Etan was dazed as he searched for validation of presence upon these walls when he realized someone had been speaking to him. He turned toward the assistant, who usually set up every appointment for Dr. McCoy and several other patients.
“Mr. Cohen? Hello?” his eyes were still glossy from his daze, but he nodded to affirm he was listening, forthwith.
“I’m sorry, I didn’t hear you come in,” Etan replied, meekly.
“It’s quite alright Mr. Cohen, I’m sorry for the intrusion but your appointment with Dr. McCoy had to be rescheduled to next week... did you not get my message?” she asked. Typically, Maria was as firm and attentive to her job as any other dedicated to their work, but she seemed out of sorts even to Etan. He would notice since he had been coming to physical sessions of Dr. McCoy's therapy for a little over three years.
“Oh. I guess I didn’t. I’m sorry-” Etan began to rise to leave when another pair of feet stepped through the door. The woman in contrast to Maria was petite, younger, but somewhat older than Etan by a few years. Her hair was long, brunette, curled out unnaturally by an expensive curling iron or some sort of professional hair serum mixture that kept her curls so clean. He could read women like this through his experience as an ex-professional home designer, their pricy presence speaking volumes of their character and what fine tastes they may have. men were much the same. He bet her closet was filled with more than business skirts and low-cut, shoulder-padded, tops.

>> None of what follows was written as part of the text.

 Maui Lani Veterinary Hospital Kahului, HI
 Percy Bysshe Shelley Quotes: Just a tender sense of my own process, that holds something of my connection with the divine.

“Mrs. McCoy!” Maria was not expecting Dr. McCoy’s wife to arrive, either, leaving the two a bit of a loss.
“Oh, Maria, Mr. Cohen... wasn’t this pushed to next week?” she asked shyly, but closed the door behind her, nonetheless.
“Yes, he said he didn’t get my message,” she explained, not with annoyance, but with care.
“I was just leaving,” Etan reassured the women, before fully strolling around the couch.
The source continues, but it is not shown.